Französisches Militärgericht in Paris

Conseil de Guerre. Ein kleiner Saal mit kahlen Wänden, der einzige Schmuck ist eine alte Wanduhr. Die Fenster sind grün verhangen, der Zuschauerraum ist durch Eisenstangen abgeteilt. Hinten an der Wand, dem Gerichtshof gegenüber, eine lange Bank mit sechs Soldaten darauf. Das Ganze liegt im Militärgefängnis zu Paris.
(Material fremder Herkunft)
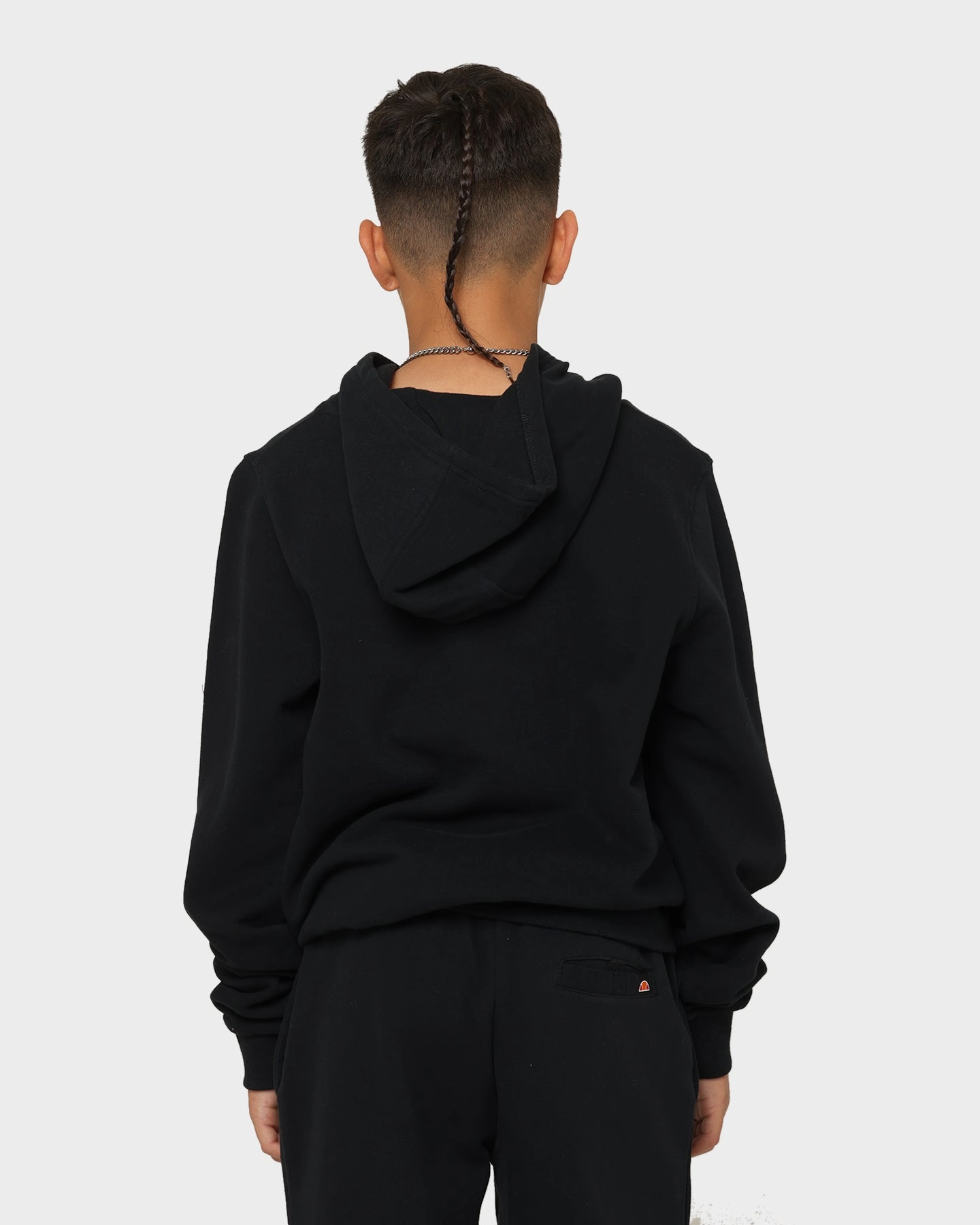 platform Ellesse Kids' Jero Overhead Junior Hoodie Black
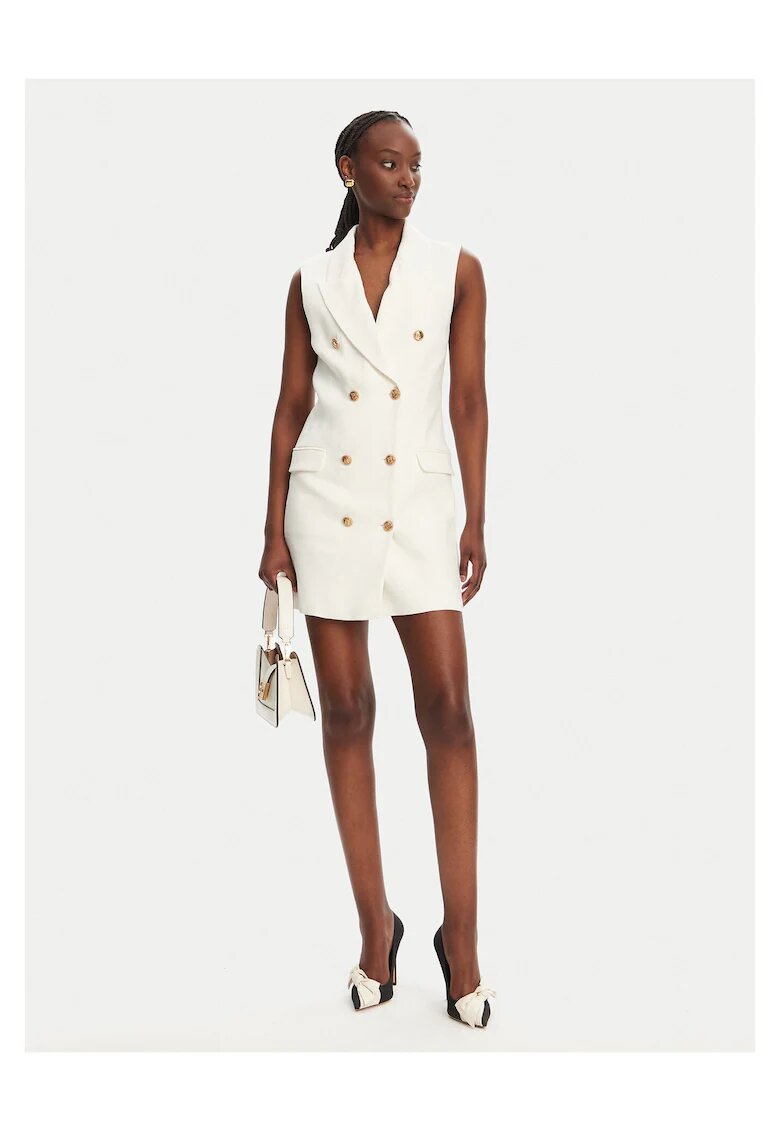 Elisabetta Franchi Rochie Camasa - alb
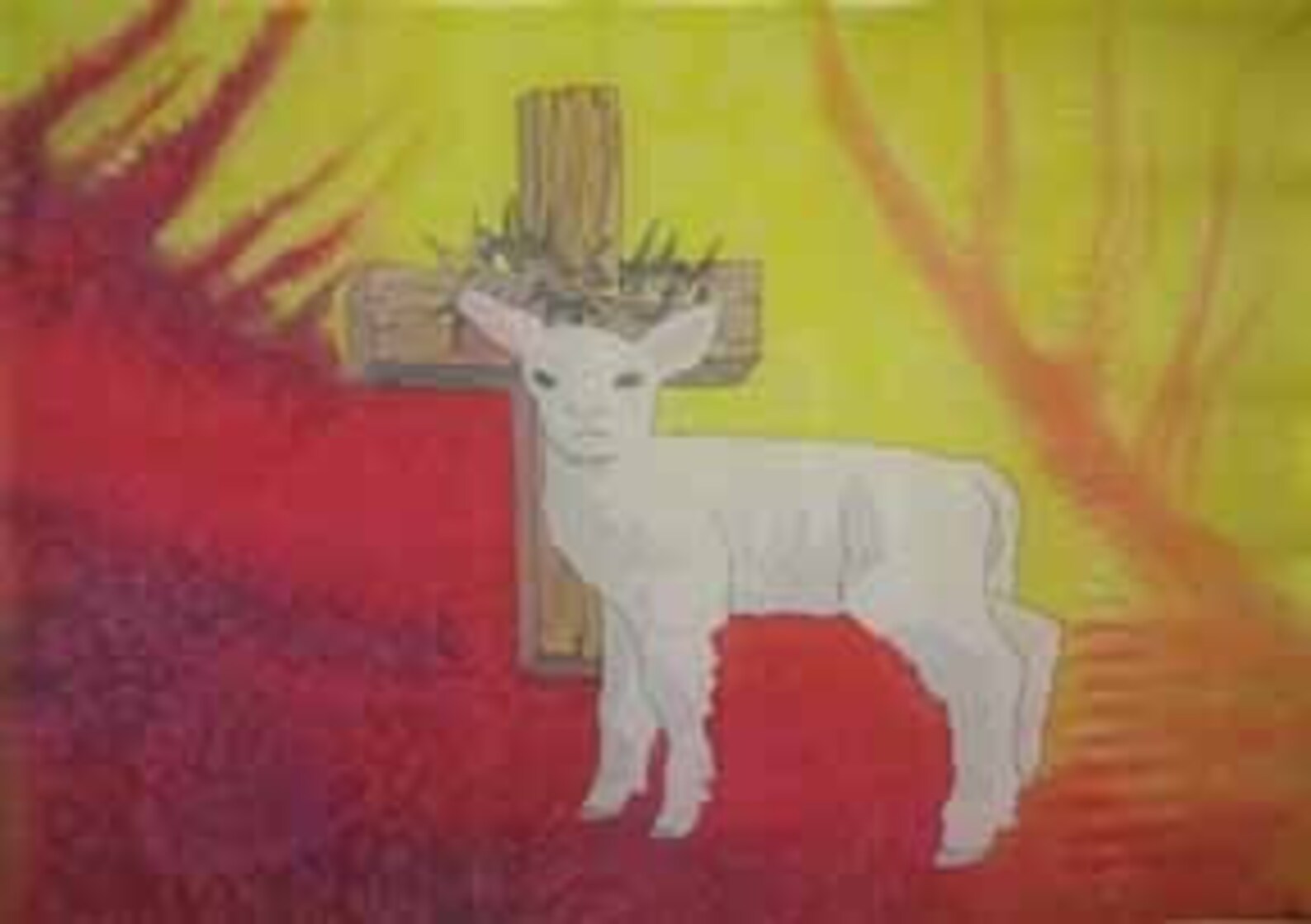 Lamb of God Hand Painted Silk Flag for Praise Worship or Dance Etsy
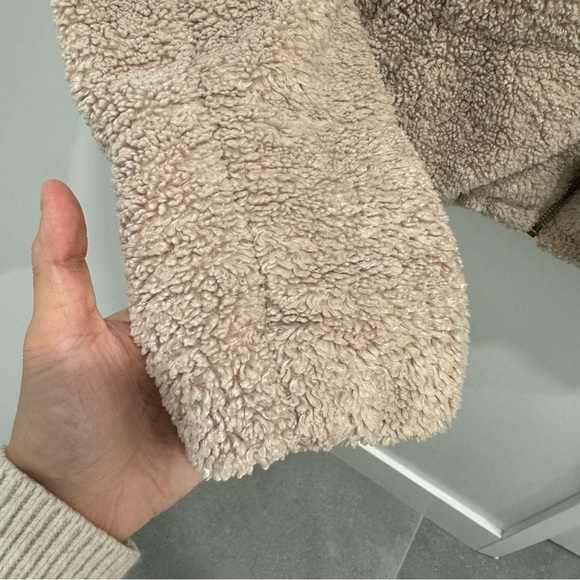 Lucky Brand Tan Teddy Zip Up Jacket - Size XS - Picture 14 of 15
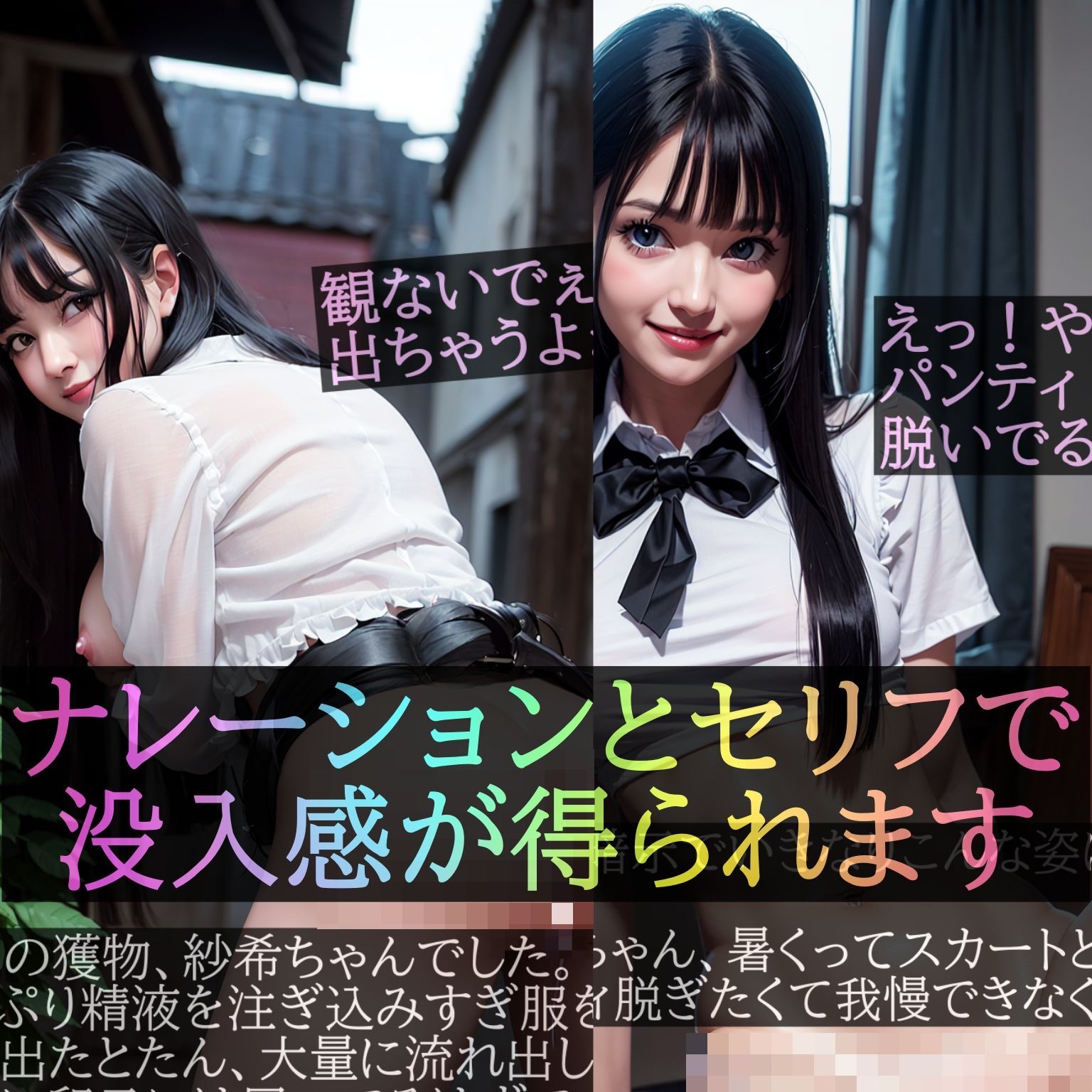 寝取り！中出し！孕ませ！巨乳女子校生紗希（さき）ちゃん サンプル3ページ目
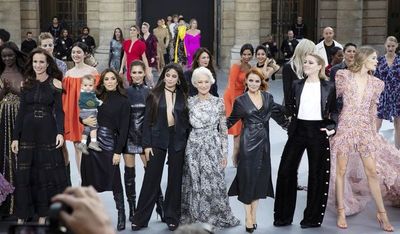 Celebridades en la pasarela de París  - Sociales - ABC Color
Das Gericht besteht aus dem Vorsitzenden und sechs Dienstgraden in verschiedenen Uniformen. Die Gesichter sind – mit einer Ausnahme – anständig; immerhin ist in den Augen meist etwas, das einen den Wunsch aussprechen läßt, mit den Herren dienstlich und zu Kriegszeiten lieber nichts zu tun zu haben … Links der Staatsanwalt, le commissaire du gouvernement, ein dicker, hindenburgartiger Mann mit einem leichten Tick in den Schultern; neben ihm der greffier, ein Herr mit merkwürdig kleinem Hinterkopf. Das, was man in Deutschland gern als „Kasernenfresse“ bezeichnet, ist hier seltner. Rechts der Angeklagte, und zwar einer in Zivil. Hinter ihm sein Verteidiger und die der nächsten Affären – drei in Zivil, einer in Uniform.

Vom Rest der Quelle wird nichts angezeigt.